Scalable GPU Virtualization with Dynamic Sharing of Graphics Memory Space
Mochi Xue,Kun Tian,Yaozu Dong,Jiacheng Ma,Jiajun Wang,Zhengwei Qi,Bingsheng He,Haibing Guan
DOI: https://doi.org/10.1109/tpds.2018.2789883
IF: 5.3
2018-01-01
IEEE Transactions on Parallel and Distributed Systems
Abstract:With increasing GPU-intensive workloads deployed on cloud, the cloud service providers are seeking for practical and efficient GPU virtualization solutions. However, the cutting-edge GPU virtualization techniques such as gVirt still suffer from the restriction of scalability, which constrains the number of guest virtual GPU instances.
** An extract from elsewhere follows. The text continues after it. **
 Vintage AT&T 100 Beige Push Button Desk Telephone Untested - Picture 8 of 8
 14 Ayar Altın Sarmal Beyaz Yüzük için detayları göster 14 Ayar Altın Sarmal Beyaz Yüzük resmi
This paper introduces gScale, a scalable GPU virtualization solution. By taking advantage of the GPU programming model, gScale presents a dynamic sharing mechanism which combines partition and sharing together to break the hardware limitation of global graphics memory space. Particularly, we propose three approaches for gScale: (1) the private shadow graphics translation table, which enables global graphics memory space sharing among virtual GPU instances, (2) ladder mapping and fence memory space pool, which allows the CPU to access host physical memory space (serving the graphics memory) bypassing global graphics memory space, (3) slot sharing, which improves the performance of vGPU under a high density of instances. The evaluation shows that gScale scales up to 15 guest virtual GPU instances in Linux or 12 guest virtual GPU instances in Windows, which is 5x and 4x scalability, respectively, compared to gVirt. At the same time, gScale incurs a slight runtime overhead on the performance of gVirt when hosting multiple virtual GPU instances.